[Your assignment]:
Would you retype the whole listing verbatim, keeping pictures out of it?

[Raw data]:
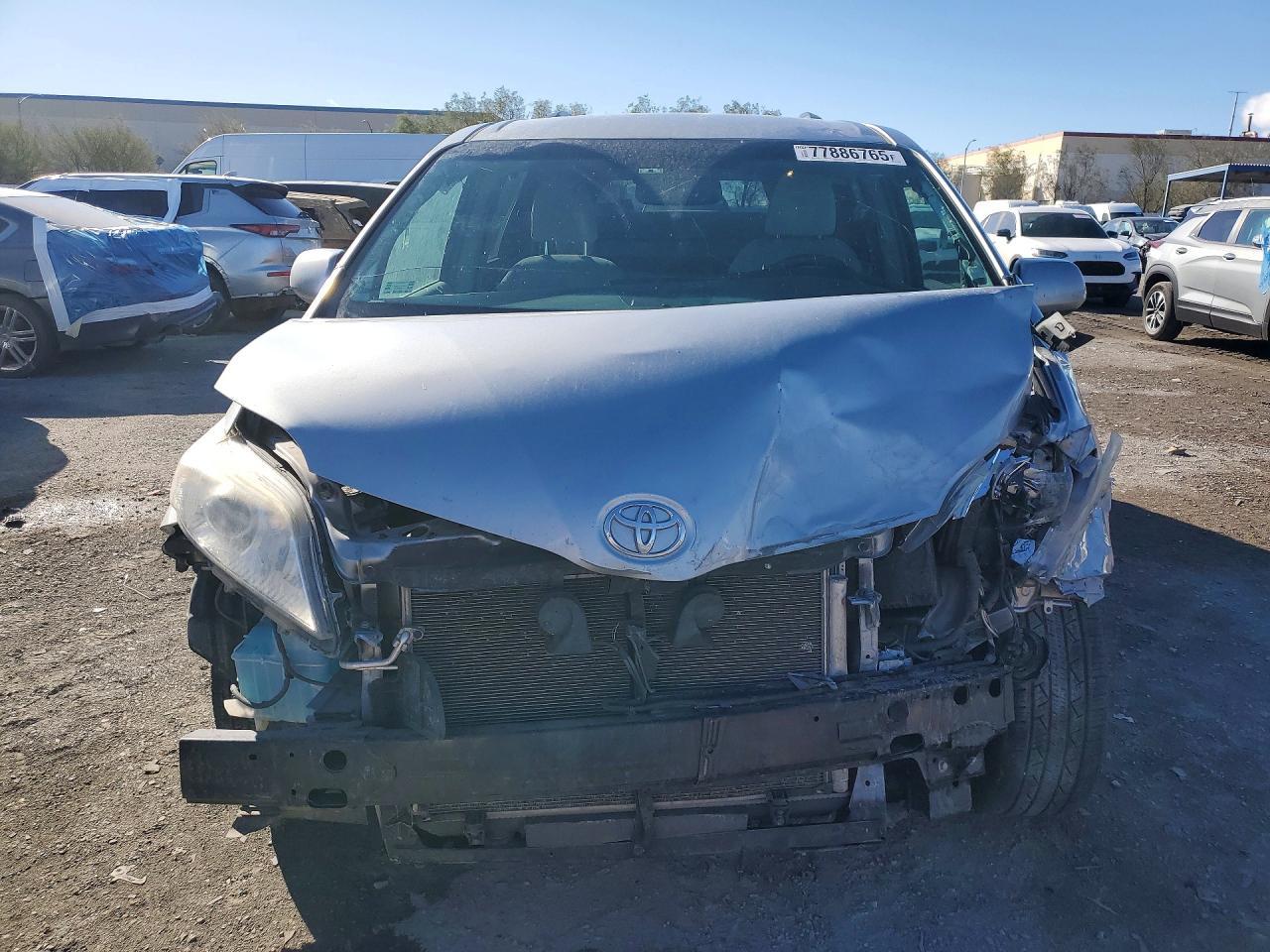 2015 TOYOTA SIENNA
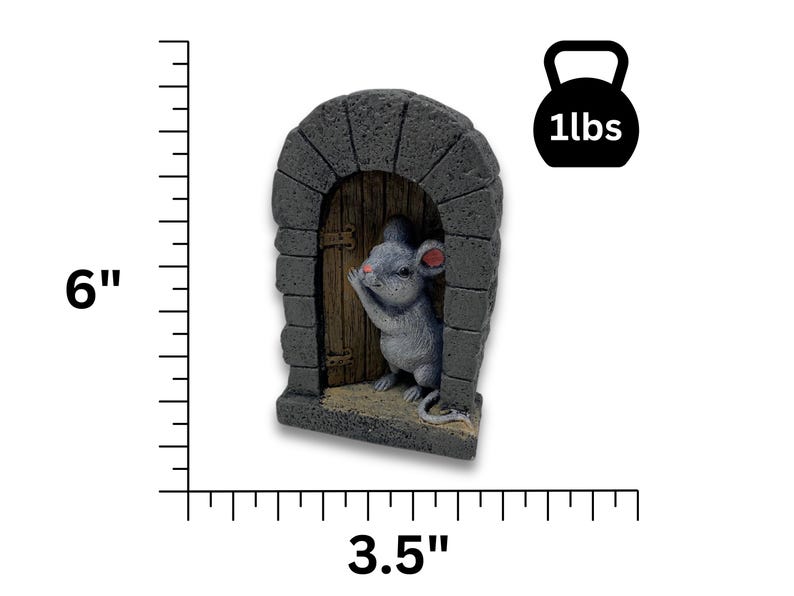 Op de afbeelding: Een grijs hars beeldje van een muis die uit een kleine stenen boog met een houten deur kijkt. Het beeldje is 15 cm hoog en 9 cm breed en weegt 450 gram.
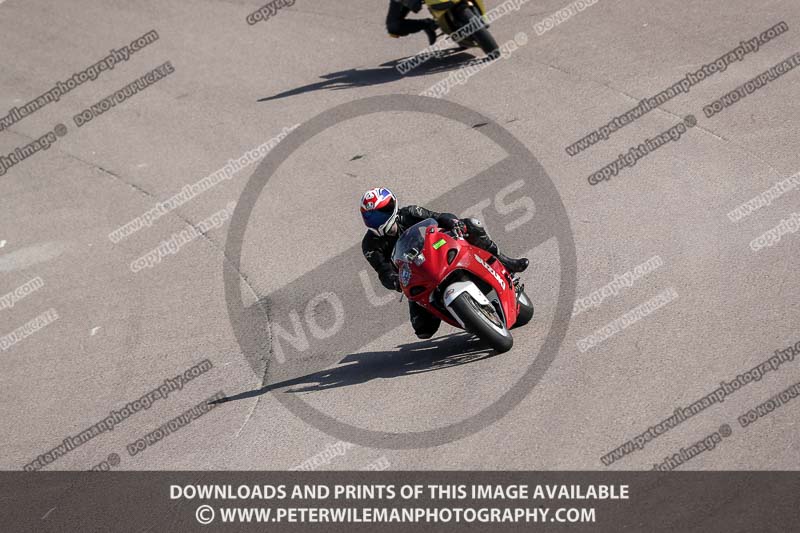 cadwell park;cadwell park photographs;cadwell trackday photographs;enduro digital images;event digital images;eventdigitalimages;peter wileman photography;racing digital images;trackday digital images;trackday photos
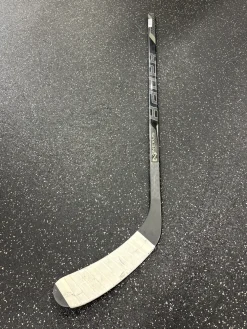 Used Bauer NEXUS 1000 STICK Youth One Piece Left 50 Flex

[Exercise answer]:
 2015 TOYOTA SIENNA
 Op de afbeelding: Een grijs hars beeldje van een muis die uit een kleine stenen boog met een houten deur kijkt. Het beeldje is 15 cm hoog en 9 cm breed en weegt 450 gram.
 cadwell park;cadwell park photographs;cadwell trackday photographs;enduro digital images;event digital images;eventdigitalimages;peter wileman photography;racing digital images;trackday digital images;trackday photos
 Used Bauer NEXUS 1000 STICK Youth One Piece Left 50 Flex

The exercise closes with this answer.